Your Name Here

Reviewed by Lee Klein

John Ashbery's recent collection of poetry"Your Name Here" shows him at the hieght of his powers not as a surrealist but as a surrealist/realist. Therein he indeed throws the proverbial cow up over the moon as might any symbolic bard of the unlikeley. However he grounds his world and words of dreams with ration through point and counterpoint. It is like a game of tennis with the serve and volley game between logic and morpheus producing slicing backhands on poetry's center court.


This writer when presented with a full course meal during working hours might skip the salad and potatoes and cut right into the prime rib.
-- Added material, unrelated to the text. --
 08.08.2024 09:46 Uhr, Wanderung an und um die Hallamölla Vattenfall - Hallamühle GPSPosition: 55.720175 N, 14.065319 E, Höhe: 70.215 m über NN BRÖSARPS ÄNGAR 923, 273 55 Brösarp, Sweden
The choicest cut of meat for him while so occupied is to watch a writer or poet like Ashbery come around the turn a place where he touches upon a word or idea he himself might be working on. Such as in the poem"Conventional Wisdom" where he writes"Although I have known you for a long time/it seems as though we hardly know each other at all/It was as rehearsal for coming to be in time/that leaves are aslant"`. Just as I was tryng to describe for one of my own works how a geometric effect involving a pattern in stonework tranforms into diaganols here was Ashbery's simple use of the slight yet appropriate word aslant. It was as if a minute yet essential line isued forth from the pencil of a seasoned and superb draughtsman. Indeed it could often seem to one in quest for the more apt turn of phrase for picturing ones inner thoughts in verse that many of one's comtemporaries may be dry reservoirs, whereas, Ashbery is of that quality of work for another poet that he is akin to a water supply.
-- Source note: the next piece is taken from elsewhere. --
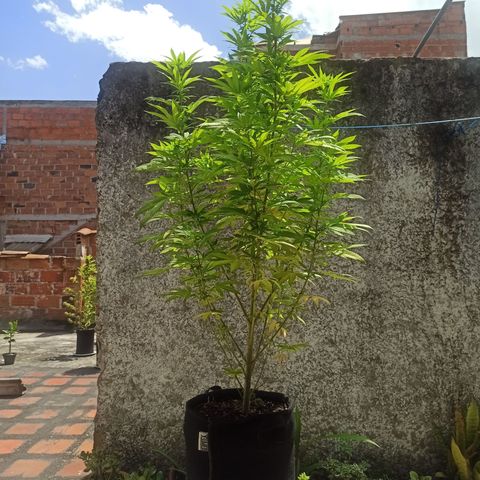 Bubba kush growlog timeline photo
His expertise does not stop there. Stunning lines rip through see-saw poems coming in like last minute ballots with a bullet. In"More Hocketing" he says"let those who have never denatured another's remark swim in wit now". Such a line could only be written by a man for whom the business of words is a prolonged and serious affair with consequences and results. His turf is the word and it is it's own currency as well. Thus much of Ashbery currency lays in his ability to be particular while not being particular at all. In"Amnesia Goes to the Ball" Ashbery sort of exhibits himself invoking his own aesthetic "Modular Sex was what it actually says. This starts me off on a new train of ideas, complete with gambling and smoking lounges. I am not to capiltalize on this moment. It has already been particularized". All through this volume people and places are named. However they are never so connected as to place them. So therefore the poet can in effect allow you to be the agent of your own recconect.